- **Problem to work on**: Take the entries that follow and return exactly the lines from the one holding "Private Romantic Dinner" through the one holding "Седан Chevrolet Cruze 2011 в Виннице", both included. Nothing else is needed.

- **Exercise data**:
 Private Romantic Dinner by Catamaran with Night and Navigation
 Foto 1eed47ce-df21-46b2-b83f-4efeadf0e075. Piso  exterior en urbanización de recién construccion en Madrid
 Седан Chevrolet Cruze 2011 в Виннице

...

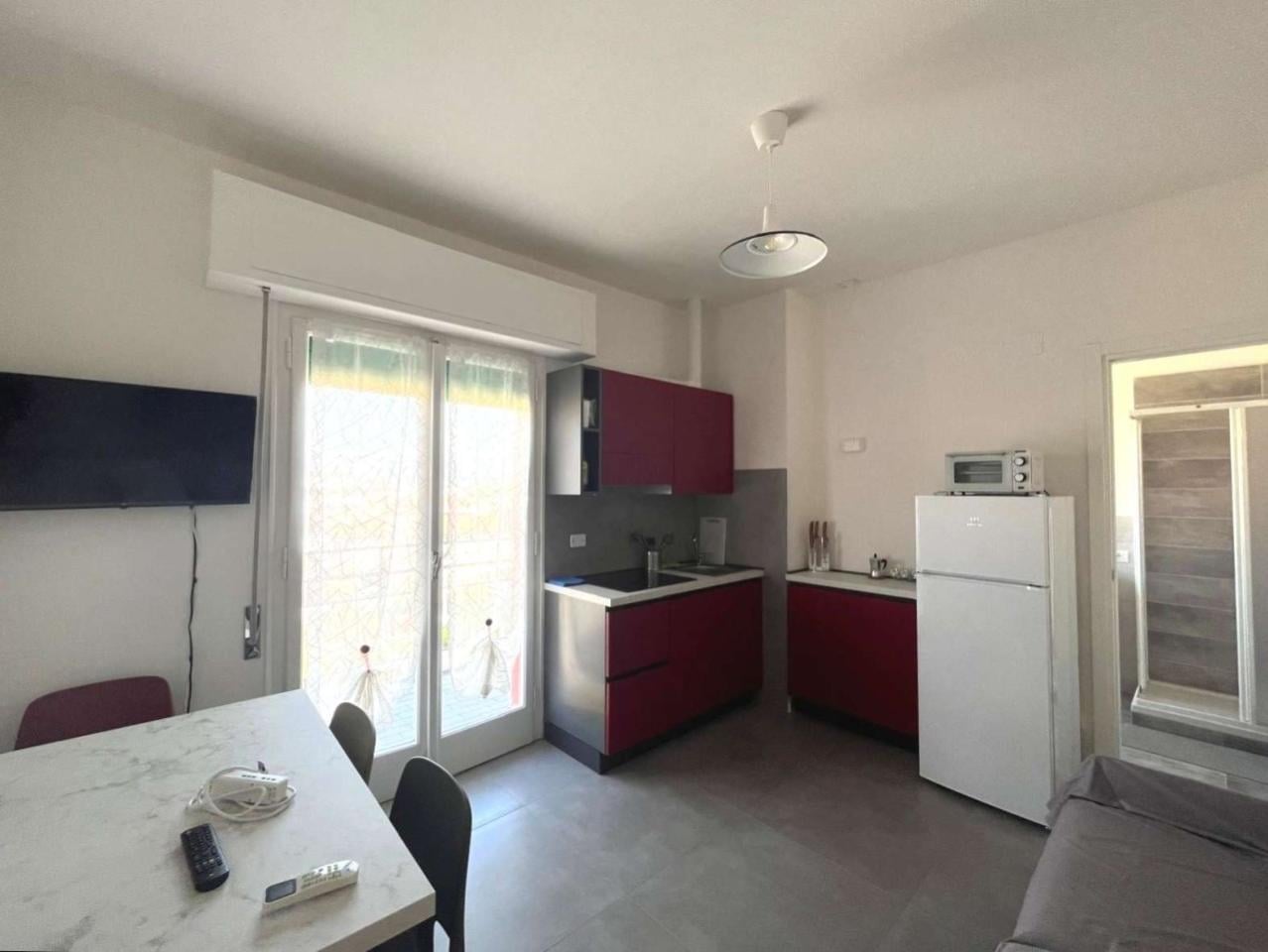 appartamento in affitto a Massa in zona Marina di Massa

- **Task result**:
 Private Romantic Dinner by Catamaran with Night and Navigation
 Foto 1eed47ce-df21-46b2-b83f-4efeadf0e075. Piso  exterior en urbanización de recién construccion en Madrid
 Седан Chevrolet Cruze 2011 в Виннице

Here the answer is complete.